(Data shown begins)

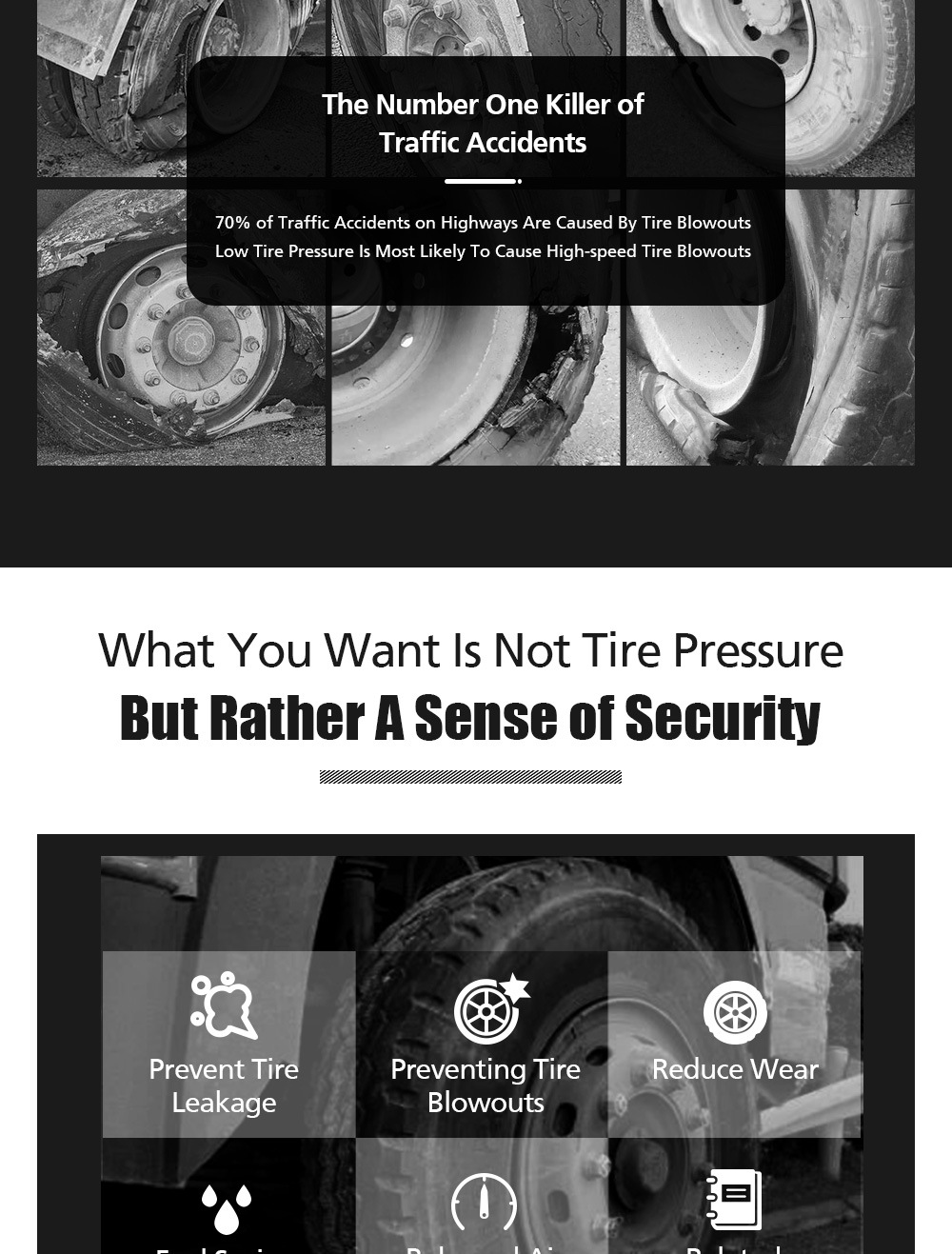Large Truck Tire Pressure and Temperature Monitor with Large Screen Display, Multi-Wheel Simultaneous Display, Color Screen Design, Built-In and External Sensors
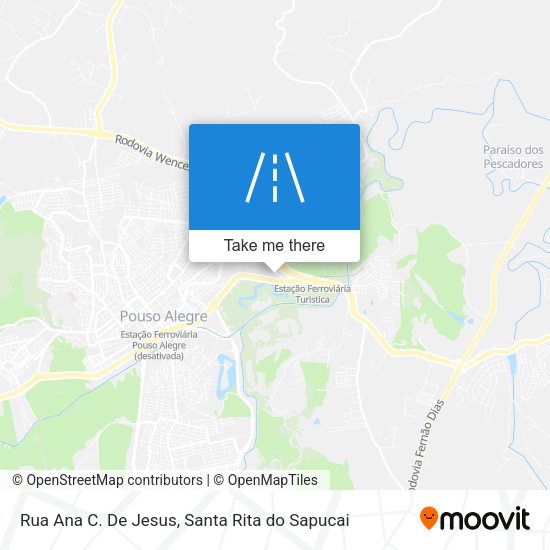 Rua Ana C. De Jesus map
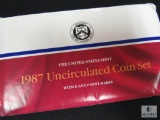 1987 United States Uncirculated Coin Set D & P Marks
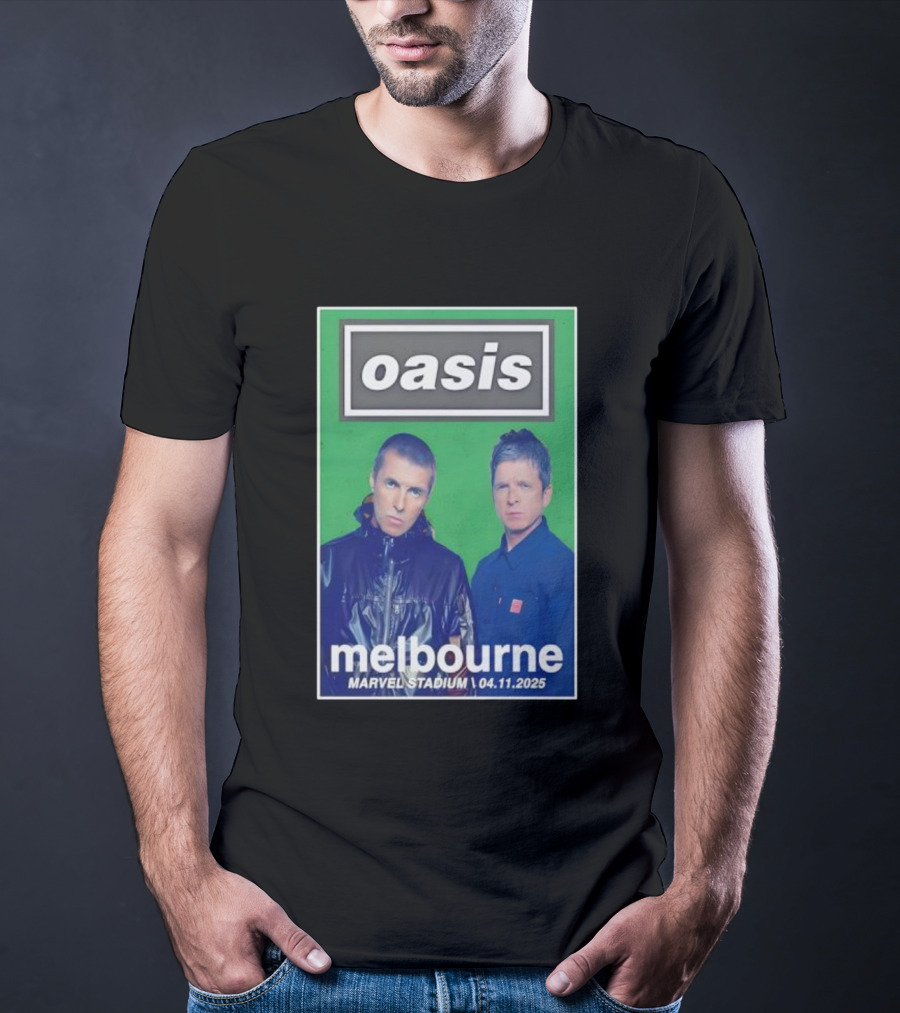 Oasis Melbourne November 4 2025 Marvel Stadium T-Shirt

(Data shown ends)

### Your goal
Give the data again exactly as it stands, apart from the pictures.

### Expected answer
Large Truck Tire Pressure and Temperature Monitor with Large Screen Display, Multi-Wheel Simultaneous Display, Color Screen Design, Built-In and External Sensors
 Rua Ana C. De Jesus map
 1987 United States Uncirculated Coin Set D & P Marks
 Oasis Melbourne November 4 2025 Marvel Stadium T-Shirt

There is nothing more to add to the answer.